On 9th August 2001, agents of mining company Intercor, a wholly owned subsidiary of ExxonMobil, assisted by Colombian police and military, demolished 29 houses in the small farming community of Tabaco in La Guajira. (See ‘Tabaco Attacked’ in the October-December 2001 edition of Colombia Solidarity.) They wrecked the surrounding fruit trees and gardens, confiscated people’s possessions and injured several of those who resisted. The company wants the community to get out of the area so that it can expand its coal strip mine at El Cerrejon Norte ¯ the biggest strip mine in South America. It was tired of the community’s demand for a relocation agreement which would enable community members to continue living together and farming.
On 20th October, I attended a community meeting in Tabaco in which residents were informed about the progress of their legal case against Intercor and of actions taken by solidarity organisations in Britain and the USA. Residents told me about the events of 9thAugust. I photographed some of the damage done to people’s houses by the company. Residents told me that during the demolition, some of them were beaten with wooden clubs, mostly branches torn from the surrounding trees. One of the women said that she saw police beating one man round the head with a wooden club and that when his daughter went to his aid, she was beaten around the legs. Both were wounded. Emilio Perez was attacked by fifteen men ¯ either policemen or Intercor security personnel ¯ as soon as he left his house. He was clubbed unconscious and left on the ground. He spent eight days in hospital and was still suffering from bad headaches and forgetfulness. Another woman had been hit in her side by a rock thrown by one of the security personnel. Her side was still painful. Her husband had been attacked too. He had fought back, and because of his agility in struggling against his attackers, they said that he must be a guerrilla ¯ a false accusation which, in the current circumstances in Colombia, could lead to police reprisals or paramilitary attack. The police attempted to wound his eyes, which became covered in blood as they beat him. Some of those whose houses were demolished were sick, including the children of the president of the Relocation Committee, Jose Julio Perez.

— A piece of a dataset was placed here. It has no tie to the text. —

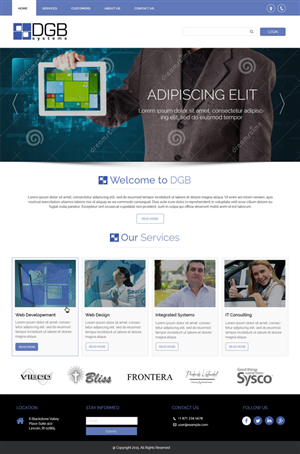 Web Design by Creations Box 2015 for this project | Design: #6401998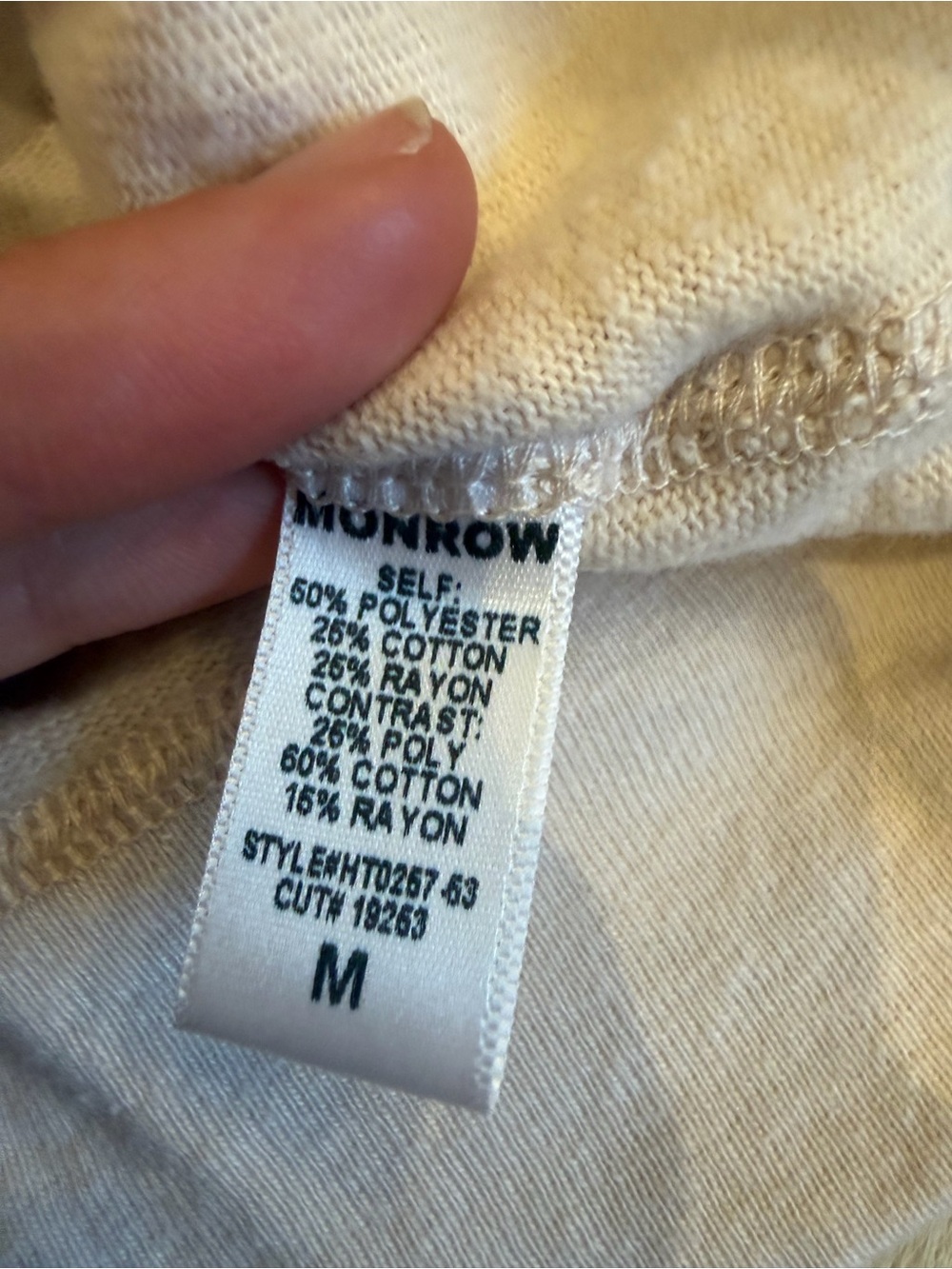 Monrow Vintage Studded Raglan - Picture 5 of 7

During the demolition, the houses of those perceived as leaders of resistance to Intercor were demolished first, then the houses of those who followed those leaders. The house of one family that had been friendly to the company was left standing while the next house was destroyed. The process was clearly discriminatory. It was not the result of a properly constituted legal eviction process but a most aggressive form of pressure against people resisting the company’s demands.

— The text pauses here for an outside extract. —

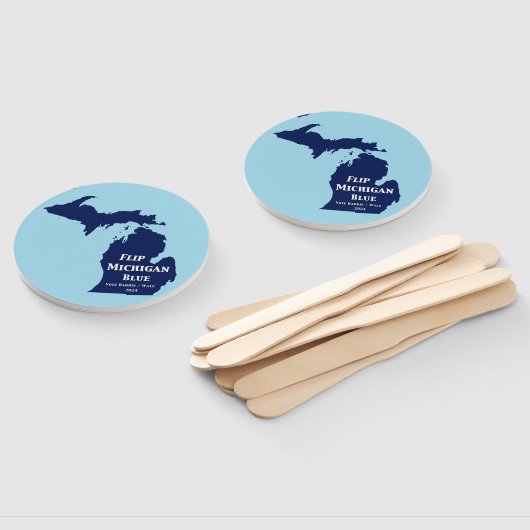 Flip Michigan Blue voor 2024 Handwaaier (Niet-gemonteerd)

After demolishing 29 houses, the Intercor workers stopped. It may only have been the people’s resistance, the presence of journalists, and the flurry of email protests from the community’s supporters in Britain and United States, that stopped them destroying more. But they threatened to come back and demolish more houses, together with the school and other public buildings. They struck again without warning in mid-December, and again in late January.
Shortly before the 20th October meeting, the community’s lawyer, Armando Perez Araujo, had a meeting in Bogotá with the Fiscal General (Attorney General), who had agreed that the actions of Judge Carolina Martinez Padilla on 9th August, allowing the forced evictions to go ahead, were illegal. Armando felt that there were grounds for hope that Martinez Padilla would be prosecuted and jailed. The Minister of the Interior spoke supportively of a proper relocation programme. Armando therefore lodged a formal Denuncia against the judge. The case was finally heard the week after the second round of demolitions in Tabaco. The judgement went against Armando. On 20th December, he was arrested and detained for ‘Falsa Accusation’. He remained under house arrest until 25th January.

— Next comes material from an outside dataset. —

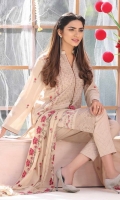 Embroidered Lawn Unstitched 3 Piece Suit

Meanwhile, Tabaco residents are getting desperate because of their dire economic situation, and people are selling out one by one to Intercor. The company is exerting psychological pressure on people, contacting them individually and promising a payment of 2,400,000 pesos (just over US$1,000 or £700) if they repudiate Armando Perez as their lawyer and move out. The sum is wholly inadequate to enable people to move to premises where they can live and continue farming but the company says that it cannot and will not pay more and that the community’s expectations are completely unrealistic. People feel that they are faced with a choice between inadequate compensation and no compensation. Often, if a family believes that it has got the best deal possible under the circumstances, it will not remain in solidarity with those struggling with the company. Intercor knows this and exploits it deliberately.
ExxonMobil has just announced plans to sell Intercor to its partners in the El Cerrejon Norte joint venture, Anglo-American, BHP-Billiton and Glencore. The focus of campaigning therefore has to shift from the US-based Exxon to these other mining behemoths.